Bukan tak mungkin, banyak suporter MU yang mulai berharap agar MU bisa mengikuti jejak Liverpool dan Chelsea dalam meraih kesuksesan pada musim ini.
Harapan ini terlalu beresiko. Beban bisa saja hadir di tengah harapan yang menguat di antara para suporter.
Bagaimana pun, sistem dan filosofi permainan akan berjalan dengan baik apabila tim mempunyai pemain yang selaras dengan sistem dan filosofi pelatih.
Persoalannya, ketika Rangnick tak memiliki ketersediaan pemain yang sesuai dengan sistem kerjanya. Jadinya, dia berupaya berdamai dengan kenyataan dan ketersediaan pemain sembari menanti musim transfer dibuka.

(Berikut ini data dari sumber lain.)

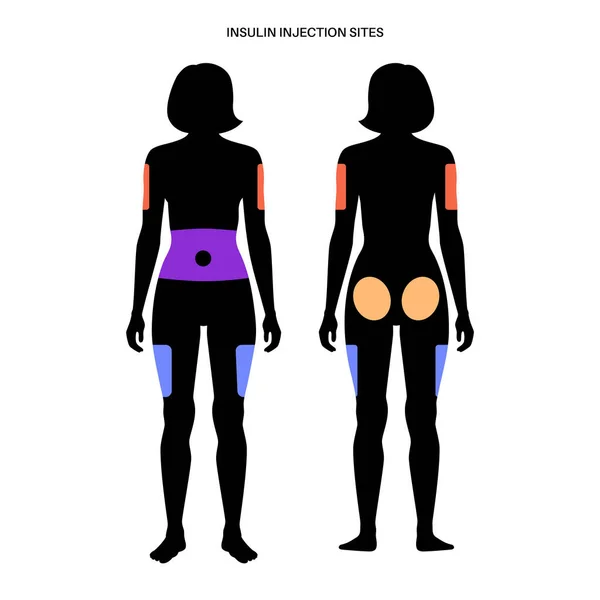 Insulin injektionsställen — Stock vektor
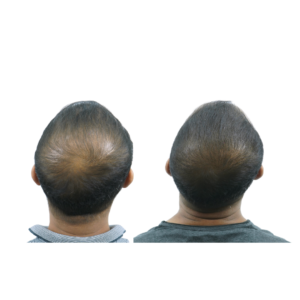 male hair transplant before and after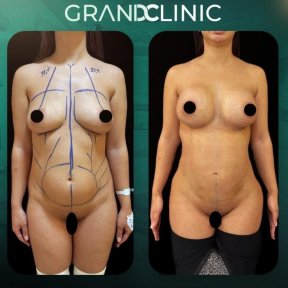 Résultats avant et après liposuccion Vaser à Grand Clinic – amélioration visible de la silhouette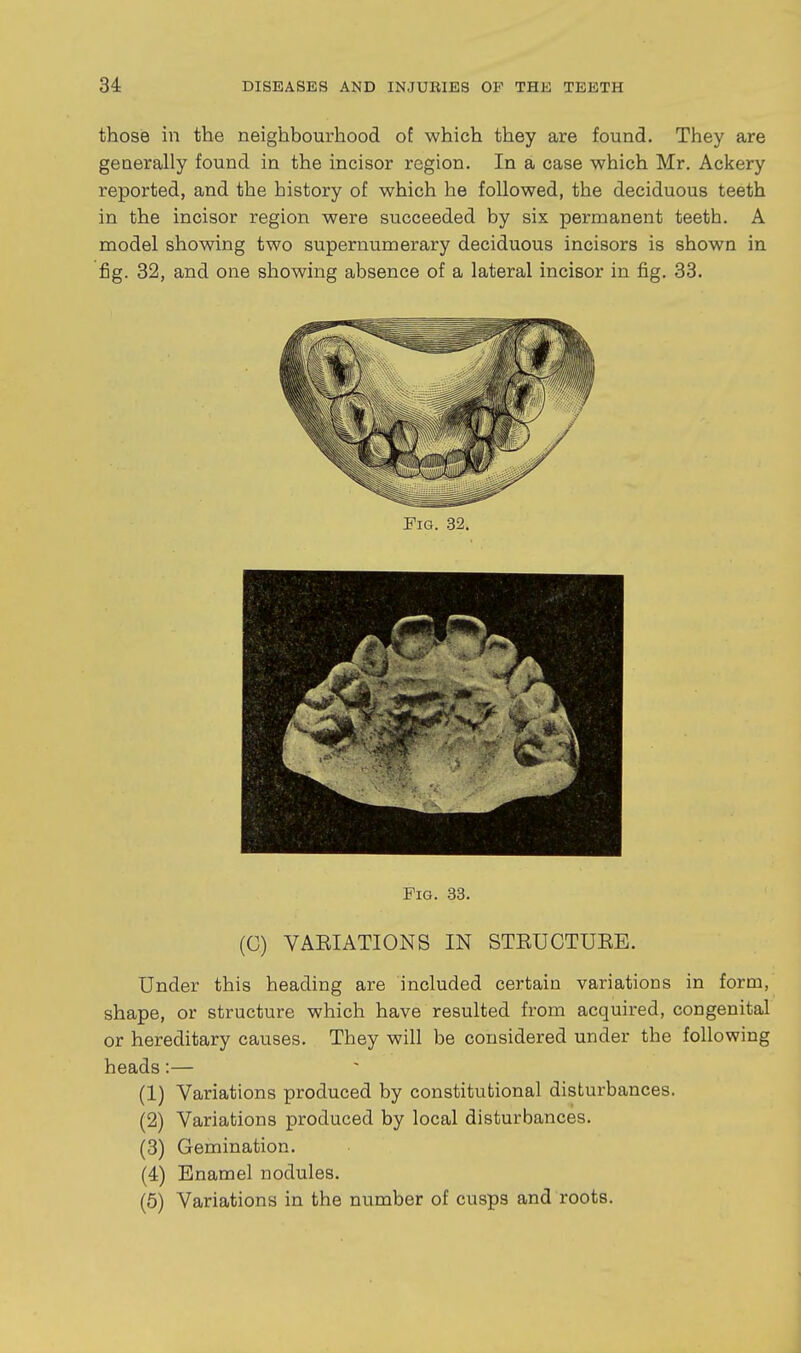 thosia in the neighbourhood ot which they are found. They are generally found in the incisor region. In a case which Mr. Ackery reported, and the history of which he followed, the deciduous teeth in the incisor region were succeeded by six permanent teeth. A model showing two supernumerary deciduous incisors is shown in fig. 32, and one showing absence of a lateral incisor in fig. 33. Fig. .33. (G) VAEIATIONS IN STEUCTUEE. Under this heading are included certain variations in form, shape, or structure which have resulted from acquired, congenital or hereditary causes. They will be considered under the following heads:— (1) Variations produced by constitutional disturbances. (2) Variations produced by local disturbances. (3) Gemination. (4) Enamel nodules. (6) Variations in the number of cusps and roots.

Efeknya, memaksakan pemain untuk bermain seturut sistem tertentu bisa saja membuat pemain itu tak bisa tampil maksimal. Apalagi pemain yang sudah diberikan peran dominan oleh pelatih terdahulu.
Ketika peran itu dikungkung oleh sistem baru dari pelatih baru, pemain itu bisa saja tampil tak maksimal. Kecuali kalau dia berhasil menyesuaikan diri dengan menerima peran barunya.

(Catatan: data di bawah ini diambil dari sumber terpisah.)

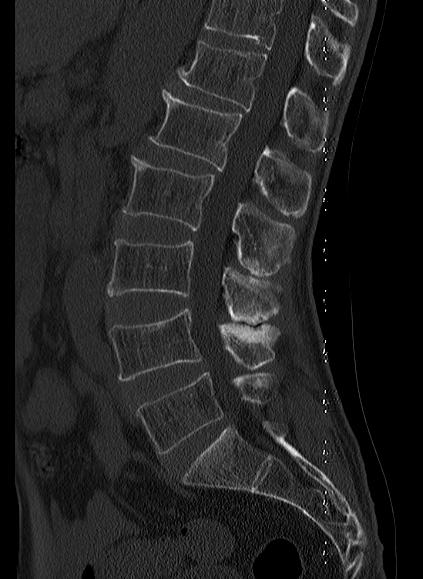File:Baastrup syndrome (Radiopaedia 64891-73838 Sagittal bone window 11).jpg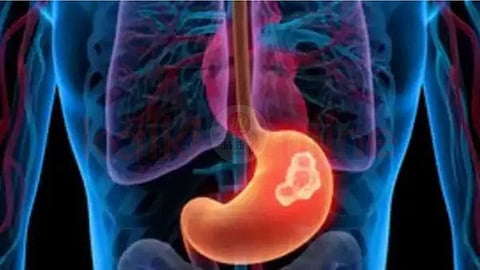 Signs that indicate a tumor in the stomach!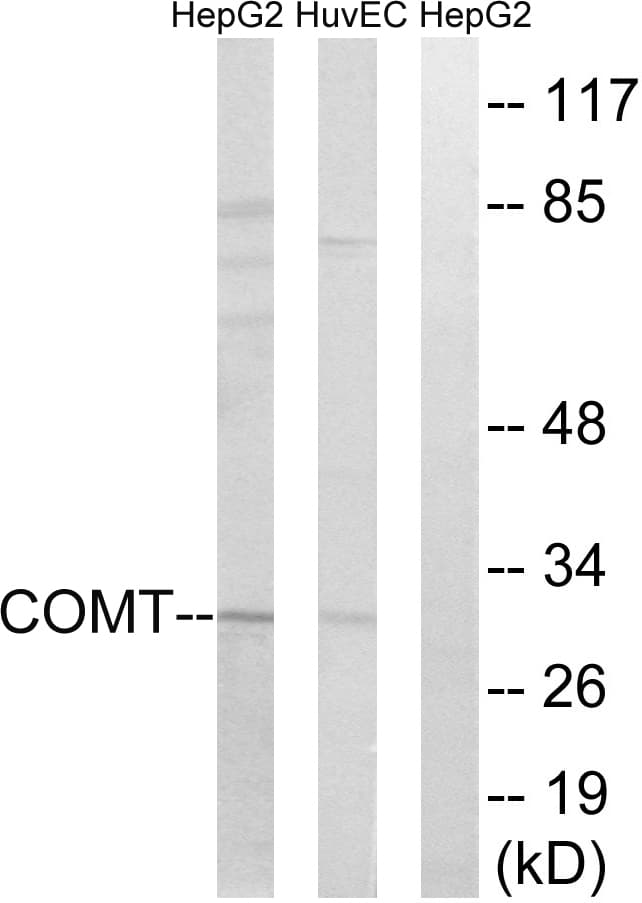 COMT Antibody (aa61-110)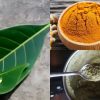 home remedy for migraine headache
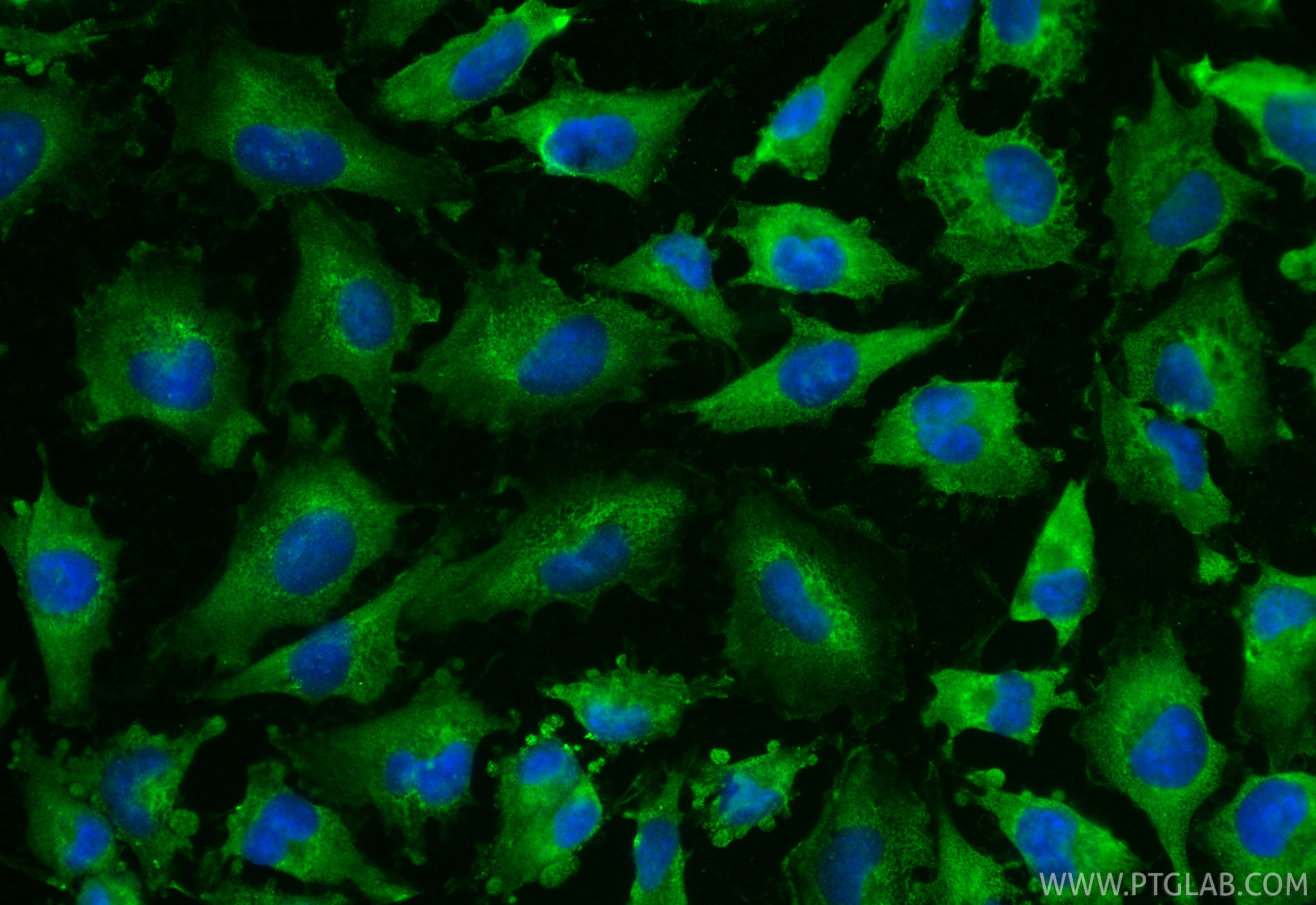 Immunofluorescence (IF) / fluorescent staining of U-251 cells using CoraLite® Plus 488-conjugated TOLLIP Monoclonal an (CL488-68170)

Cristiano Ronaldo sempat frustrasi ketika dimainkan di babak kedua saat MU bermain imbang kontra Chelsea. Banyak pihak yang memuji langkah Michael Carrick dalam laga ini karena dia mengedepankan sistem permainan daripada kualitas individu semata.
Keputusan berani ini berbuah pada kekecewaan si pemain. Beruntung Carrick coba mendamaikan situasi dengan menurunkan Ronaldo sejak menit awal ketika berjumpa Arsenal.

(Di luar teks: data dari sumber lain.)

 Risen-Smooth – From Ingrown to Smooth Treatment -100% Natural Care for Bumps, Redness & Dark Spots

Harapan besar boleh disematkan kepada Rangnick. Namun, harapan itu tak boleh membuat pelatih interim ini terbebankan.
Sebabnya, Rangnick masih membutuhkan waktu untuk beradaptasi dengan skuad yang ada. Sistem kerjanya sebagai pelatih yang pro gaya gegenpressing ini membutuhkan para pemain yang memang cocok dengan gaya ini.
Rangnick akhirnya mendapat visa kerja di Inggris. Beberapa hari setelahnya, Carrick pun mengundurkan diri dari tim kepelatihan MU. Inilah dua realitas yang terjadi Old Trafford.